TASK STATEMENT — Set down, exactly and with no pictures, the line that contains "M8 x 40mm Screws" and all lines after it in the listing.
[[ GIVEN INFORMATION, beginning ]]
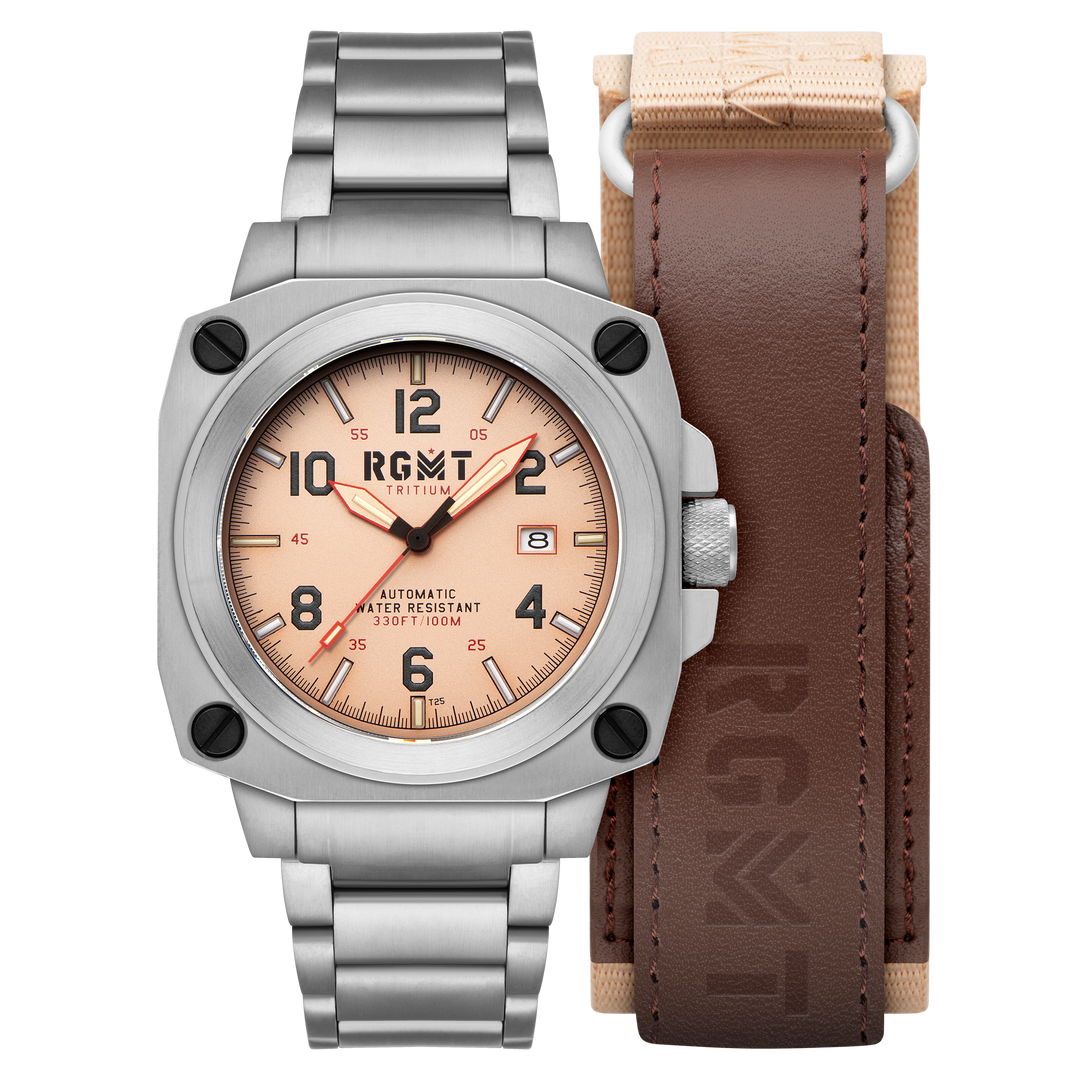 Altimeter Tritium Automatic Cream /Stainless Steel Cream Dial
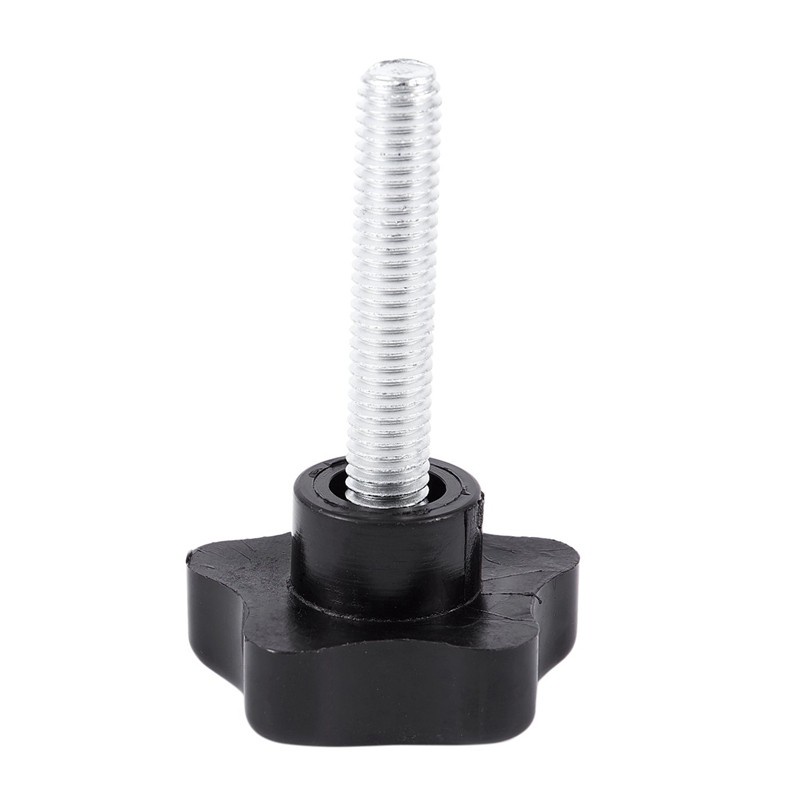 M8 x 40mm Screws Star head Wing screw Clamp knob handle black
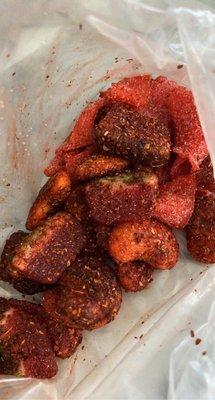 Mix of chamoy/tajin gummies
[[ GIVEN INFORMATION, end ]]
ANSWER SECTION —
 M8 x 40mm Screws Star head Wing screw Clamp knob handle black
 Mix of chamoy/tajin gummies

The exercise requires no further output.